Perspektif baru ini mensyaratkan bahwa nilai tambah juga harus dinikmati para pelaku hulu sehingga upayanya adalah memaksimalkan bahan baku industri dari sumber daya lokal. Berkaitan dengan rencana jangka pendek pemerintah untuk membuka keran impor, beberapa hal perlu diperhatikan. Pertama, secara obyektif perlu dipetakan berapa kebutuhan industri, berapa kemampuan suplai di berbagai wilayah, dan berapa kebutuhan impor. Yang kritis memang angka produksi. Bisa saja produksi melimpah di suatu tempat, tetapi langka di daerah lain.

Ini bermasalah karena distribusi keberadaan unit pengolahan ikan (UPI) tak merata, bahkan masih terkonsentrasi di Jawa. Jadi, agendanya adalah bagaimana menciptakan sistem informasi produksi dan pasar perikanan lintas wilayah yang mampu mendeteksi produksi serta kebutuhan pasar setiap wilayah dengan tepat. Perlu dicatat, data produksi selama ini belum akurat karena sedikit sekali institusi tempat pelelangan ikan (TPI) di daerah yang berfungsi, padahal TPI adalah salah satu sumber data produksi terbaik.

Kedua, secara ekonomi-politik harus dipahami impor tidaklah netral sekadar hitung-hitungan ekonomi langka atau tidaknya bahan baku, tetapi ternyata bisa sarat kepentingan para importir. Ini terbukti dengan adanya penyalahgunaan izin oleh pengusaha sehingga bocor ke pasar lokal (Kompas, 6/12/2011). Ini gambaran bahwa ruang perdagangan kita tak hampa permainan, tetapi juga ada kepentingan perburuan rente. Pemerintah mesti jeli melihat masalah ini dan pada saat yang sama memperkuat sistem pengawasan.

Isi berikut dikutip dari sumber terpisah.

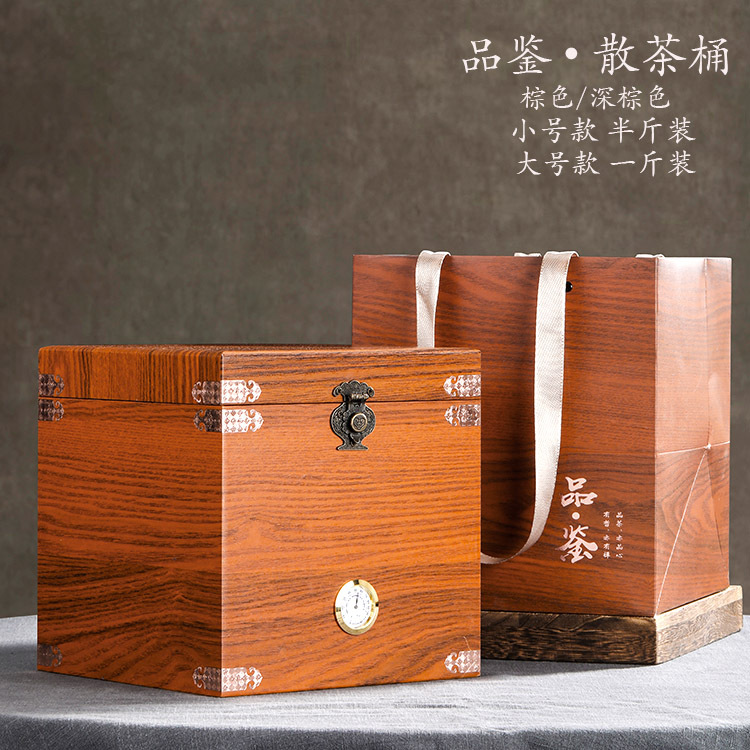 高档福鼎白茶散装包装盒空礼盒普洱茶白毫银针礼品盒半斤一斤装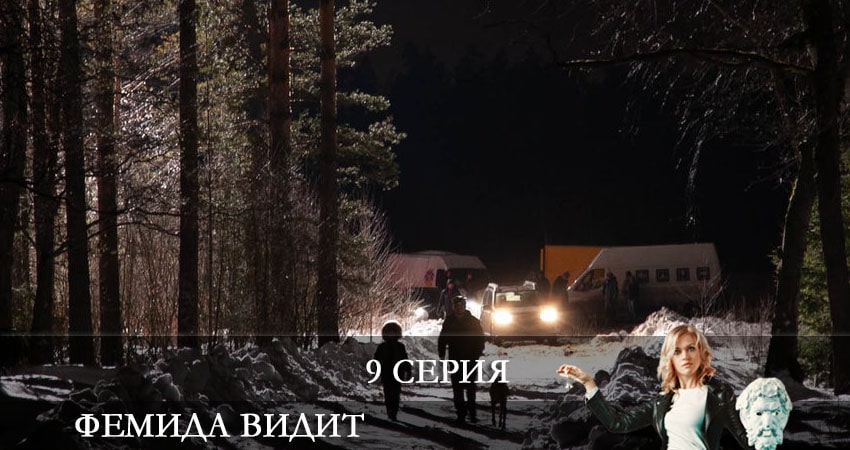 Фемида видит (2021) 1 сезон 9 серия онлайн бесплатно в высоком качестве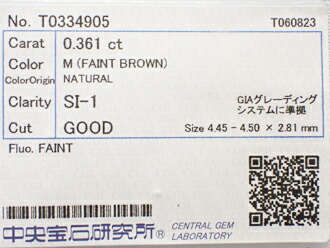 0.361ct M SI1 GOOD ダイヤモンド ルース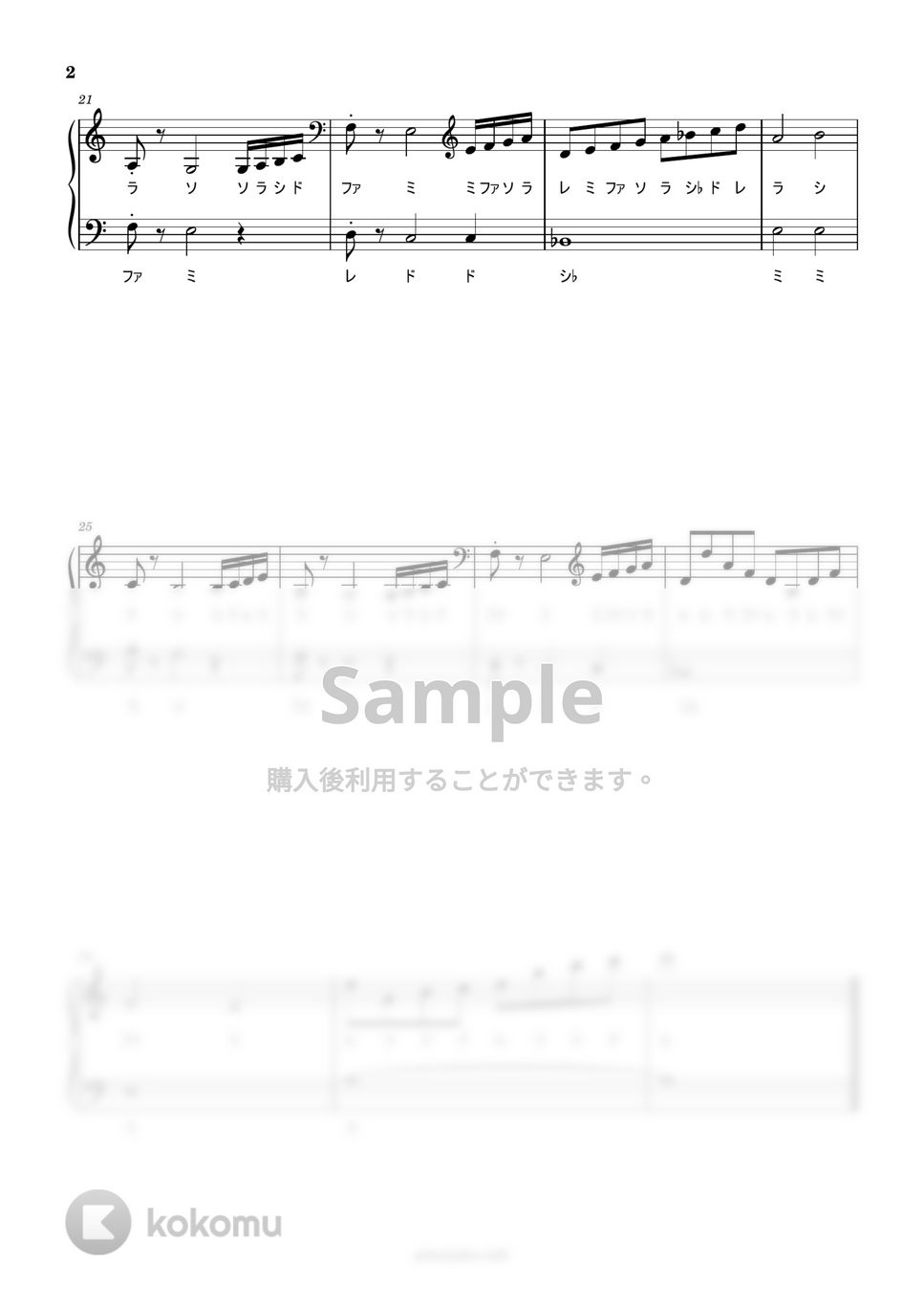 坂本龍一 - Energy Flow (ドレミ付き簡単楽譜) by ピアノ塾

Perlu dikaji mendalam rencana pemerintah mengimpor ikan. Efek psikologis nelayan akibat impor pun perlu diperhatikan. Pada saat yang sama, insentif peningkatan produksi harus didorong sehingga nelayan dan pembudidaya kembali bergairah. Ini juga diiringi pengembangan gudang-gudang penyimpanan ikan di daerah dan efisiensi pengangkutan untuk atasi ketimpangan produksi antarwilayah. Begitu pula perlu dikembangkan UPI di sentra-sentra produksi perikanan di wilayah timur Indonesia dengan pendekatan kawasan. Semua itu perlu desain industrialisasi kuat dan dukungan lintas sektor sehingga industrialisasi perikanan yang terbangun sangat kokoh dan dapat benar-benar menjadi pilar kemajuan bangsa bahari kita.